He recommended that those who venture outdoors drink plenty of water, avoid intense exercise, wear light-colored clothing and stay in air-conditioned areas.
"It's just common sense," he said. "You have to take it easy."
The heat index, designed to reflect how hot it seems or feels outside, is calculated from a scale of air temperatures and relative humidity. It measures the amount of physical stress the two weather factors have on an individual's body.
The heat index can range from 64 in lukewarm, dry weather to 151 in sizzling, humid weather.
A temperature of 94 degrees and a heat index close to 99 didn't bother Robert Forrest, 71, of Williamsport on Tuesday.
"This is my kind of weather," said Forrest, who while serving in the U.S. Navy during World War II was stationed in New Guinea, where the temperatures reached 140 degrees. "We didn't wear anything but dungarees ... and life jackets. I guess I got used to it back then."
"I can't do anything that requires exertion," said Paul Beard, 72, of Hagerstown, who has emphysema and breathes with the help of a portable oxygen pump.

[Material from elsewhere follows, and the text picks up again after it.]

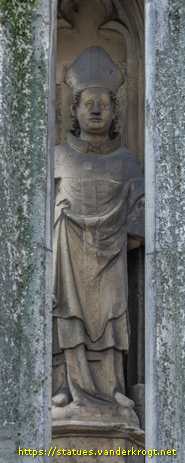 Braunschweig - Heiligenstatuen an der Martinikirche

Kris Decker, of Hagerstown, was outside riding her bike, which she said is "the only thing that keeps me from suffering from heat-exhaustion."
Because of the heat, Marchita Armstrong, who moved to Hagerstown from Baltimore in May, bought an air conditioner for her home last week. "I thought it would be cooler here in the mountains," she said.
"It must be 200 degrees," said Mark Webb, of Hagerstown, who was kneeling on the sidewalk under the fierce sun repairing a handicapped ramp for a downtown business. "We're sweating to death."
The sweltering weather led several passers-by into the Scoops and Slices ice cream shop and deli at 4 E. Franklin St., raising ice cream and milkshake sales by about 35 percent, said owner Dominic Coluzzi.
"It does make us happy," said store manager Faye Benjamin.